Exercise: The expected answer is every line of the material that contains the word "https".

Given records:
====================
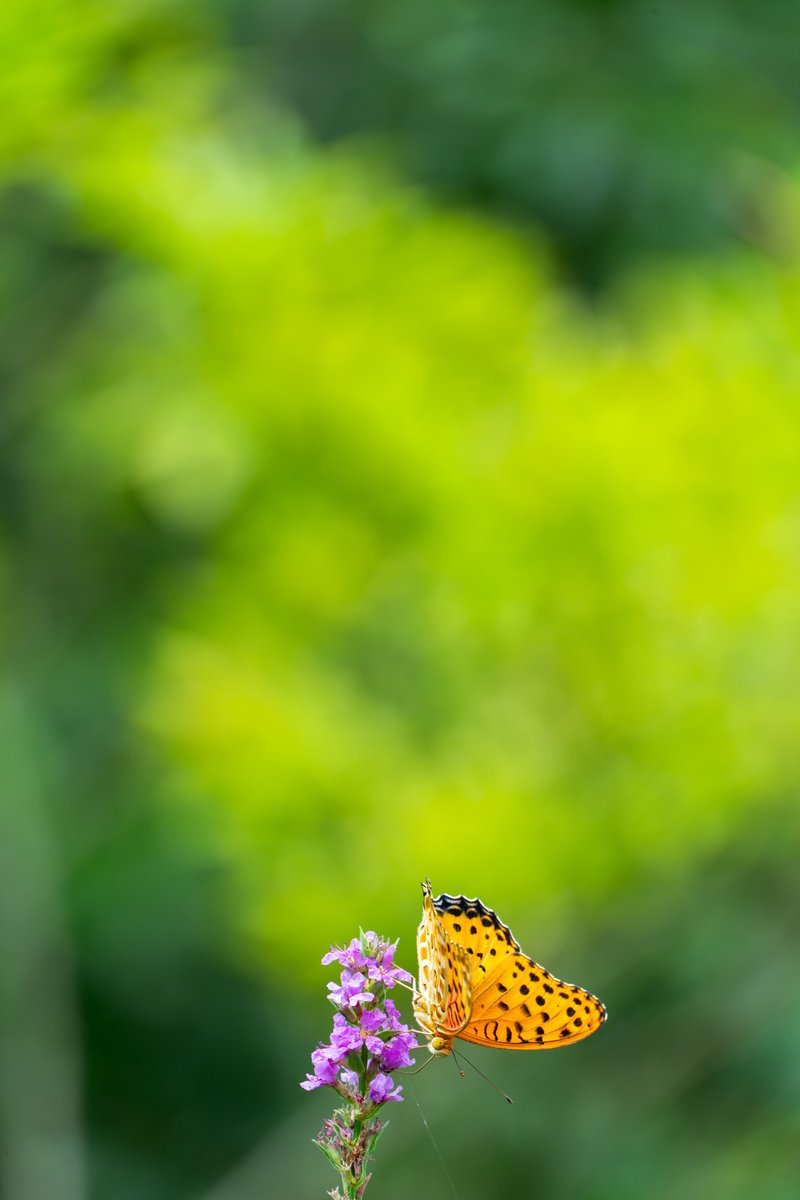 yuka1093's tweet photo. 【東京カメラ193歩】配信中!
PGYTECH #CameraStrapPro と一緒に大都会の大自然スナップ😊📷🦋
YouTube▶️ https://t.co/dkd9SpK2wM
#pgytech #camerastrap
#写真好きな人と繋がりたい
#写真撮ってる人と繋がりたい https://t.co/Bi8gB8XN3w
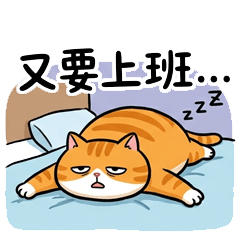 橘貓溜溜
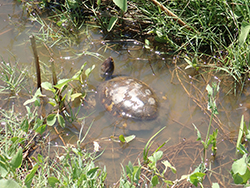 A pond turtle in a marsh pond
====================
Reply:
YouTube▶️ https://t.co/dkd9SpK2wM
#写真撮ってる人と繋がりたい https://t.co/Bi8gB8XN3w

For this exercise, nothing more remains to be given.